Kovacs and Hand select an elite squad of resurrected soldiers to accompany them. Hand secretly leaks information that prompts the rebels to destroy the city of Sauberville with a nuclear weapon. This clears the gate site of opposing forces, and the recovery expedition begins. However, the radiation severely damages the team's bodies, and they must work against the clock to find the ship before dying of radiation poisoning. While Wardani works to open the gate, someone sabotages the beacons necessary to claim the starship. Two expedition members are killed by nanodes deployed by Hand's rivals within the Mandrake firm.

The party goes through the portal and finds an inactive Martian starship, along with the bodies of Tanya's original archaeologue team. Mysteriously, it appears that the original team chose to die in space rather than inside the breathable air of the spaceship. Suspecting that Schneider is the saboteur, Kovacs confronts him. Schneider flees in the shuttle they arrived in, triggering a booby trap set by Kovacs and blowing the shuttle up.

During their exploration, the Martian starship is attacked by an unknown starship, which causes its automated defence systems to come online. During the attack the party begins to experience visions and emotions from the dead Martians, bringing them to the brink of insanity. Hand realises the danger and orders Kovacs to shoot the others with a stunning weapon to render them unconscious.

After the battle is over, Isaac Carrera and a Wedge unit arrive and imprison the remaining members of the squad. One member of Kovacs's squad, Sutjiadi, is wanted for killing an officer of the Wedge. The Wedge opts to torture him to death. During this public execution, Kovacs frees his squad and kills the Wedge unit. Kovacs then follows Carrera through the portal and kills him.

Kovacs realises that Tanya Wardani sabotaged the first archaeological team after discovering that they wanted to use the Martian ship as a weapon. She was responsible for the bodies they found, as well as the destroyed equipment in the shuttle. She decides to stay and oversee the recovery of the portal. Kovacs trades the rights to the Martian ship for safe passage out of the star system for the surviving members of his team.

==Themes==

Writing for The Guardian, Colin Greenland found that Altered Carbon was about fighting against wealth and power.
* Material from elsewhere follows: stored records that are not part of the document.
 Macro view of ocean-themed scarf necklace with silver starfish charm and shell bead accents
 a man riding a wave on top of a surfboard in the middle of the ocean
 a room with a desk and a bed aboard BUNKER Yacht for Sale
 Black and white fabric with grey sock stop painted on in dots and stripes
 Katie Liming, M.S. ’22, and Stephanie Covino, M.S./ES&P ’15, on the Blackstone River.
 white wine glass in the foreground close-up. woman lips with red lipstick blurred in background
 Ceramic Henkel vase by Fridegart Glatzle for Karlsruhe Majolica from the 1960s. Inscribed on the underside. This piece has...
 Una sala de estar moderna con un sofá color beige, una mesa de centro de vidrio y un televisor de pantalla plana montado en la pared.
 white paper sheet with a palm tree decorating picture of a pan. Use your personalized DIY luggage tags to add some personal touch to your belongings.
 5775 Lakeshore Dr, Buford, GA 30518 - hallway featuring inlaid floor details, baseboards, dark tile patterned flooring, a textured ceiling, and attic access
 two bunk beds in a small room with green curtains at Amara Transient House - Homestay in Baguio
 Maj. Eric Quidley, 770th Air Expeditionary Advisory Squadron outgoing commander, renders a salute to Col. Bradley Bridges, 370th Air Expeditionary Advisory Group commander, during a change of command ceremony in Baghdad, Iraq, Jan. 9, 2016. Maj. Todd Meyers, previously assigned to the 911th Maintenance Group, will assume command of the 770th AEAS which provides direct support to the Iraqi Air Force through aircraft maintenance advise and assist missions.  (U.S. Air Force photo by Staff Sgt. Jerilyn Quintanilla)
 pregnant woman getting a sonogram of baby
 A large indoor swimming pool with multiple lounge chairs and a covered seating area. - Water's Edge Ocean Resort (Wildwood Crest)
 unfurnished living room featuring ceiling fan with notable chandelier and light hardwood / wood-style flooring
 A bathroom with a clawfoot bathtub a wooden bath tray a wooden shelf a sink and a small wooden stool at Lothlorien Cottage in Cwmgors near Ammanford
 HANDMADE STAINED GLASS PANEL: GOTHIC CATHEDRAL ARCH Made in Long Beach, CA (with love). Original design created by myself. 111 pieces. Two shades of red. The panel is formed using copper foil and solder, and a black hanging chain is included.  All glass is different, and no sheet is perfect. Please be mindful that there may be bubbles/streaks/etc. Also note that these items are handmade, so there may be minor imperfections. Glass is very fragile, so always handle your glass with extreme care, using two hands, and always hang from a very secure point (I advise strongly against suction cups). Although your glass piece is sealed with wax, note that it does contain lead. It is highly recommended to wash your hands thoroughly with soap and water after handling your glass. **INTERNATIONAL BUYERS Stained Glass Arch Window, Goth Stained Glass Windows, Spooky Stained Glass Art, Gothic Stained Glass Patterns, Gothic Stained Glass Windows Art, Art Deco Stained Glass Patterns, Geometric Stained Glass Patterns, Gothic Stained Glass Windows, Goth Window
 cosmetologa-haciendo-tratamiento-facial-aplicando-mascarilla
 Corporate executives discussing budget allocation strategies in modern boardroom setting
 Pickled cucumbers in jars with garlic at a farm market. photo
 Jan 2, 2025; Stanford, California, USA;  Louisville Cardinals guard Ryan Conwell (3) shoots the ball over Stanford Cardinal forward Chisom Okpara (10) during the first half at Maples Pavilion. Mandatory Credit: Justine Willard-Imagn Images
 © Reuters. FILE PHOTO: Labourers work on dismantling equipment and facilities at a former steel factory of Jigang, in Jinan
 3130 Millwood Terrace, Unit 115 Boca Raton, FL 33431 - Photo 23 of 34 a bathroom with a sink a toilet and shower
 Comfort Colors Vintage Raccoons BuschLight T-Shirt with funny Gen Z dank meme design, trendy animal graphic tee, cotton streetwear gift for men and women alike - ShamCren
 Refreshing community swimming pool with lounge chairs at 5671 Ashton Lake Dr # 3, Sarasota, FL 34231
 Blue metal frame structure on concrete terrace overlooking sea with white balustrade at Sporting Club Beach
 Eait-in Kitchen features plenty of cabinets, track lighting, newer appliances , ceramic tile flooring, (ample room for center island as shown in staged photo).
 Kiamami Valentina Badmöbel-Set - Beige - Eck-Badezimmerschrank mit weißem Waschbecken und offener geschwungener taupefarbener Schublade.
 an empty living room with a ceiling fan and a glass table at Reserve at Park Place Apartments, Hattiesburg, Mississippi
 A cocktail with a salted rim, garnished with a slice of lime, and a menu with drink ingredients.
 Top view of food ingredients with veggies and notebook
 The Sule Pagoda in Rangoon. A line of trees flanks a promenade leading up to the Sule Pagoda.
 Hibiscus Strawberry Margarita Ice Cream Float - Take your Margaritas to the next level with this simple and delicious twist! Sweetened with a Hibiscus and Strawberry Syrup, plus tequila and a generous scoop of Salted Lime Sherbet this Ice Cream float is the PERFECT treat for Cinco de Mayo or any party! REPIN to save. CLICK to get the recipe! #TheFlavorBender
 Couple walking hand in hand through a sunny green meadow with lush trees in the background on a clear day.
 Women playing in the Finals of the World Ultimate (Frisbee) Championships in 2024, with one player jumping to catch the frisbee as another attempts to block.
In contrast to the first novel, in which Kovacs was attempting to fight for human value, Greenland finds that "truth and justice ... are rarely the ethos, or the issue" in Broken Angels.

==Reception==

Publishers Weekly wrote that the novel succeeded despite a formulaic structure, calling it a "superior, satisfying cyberpunk noir adventure". Kirkus Reviews wrote that the novel was a good expansion of the worldbuilding which began in the first novel, praising it as "a thrilling cyberpunk actioner" while stating that it occasionally overdid its world-weary tone.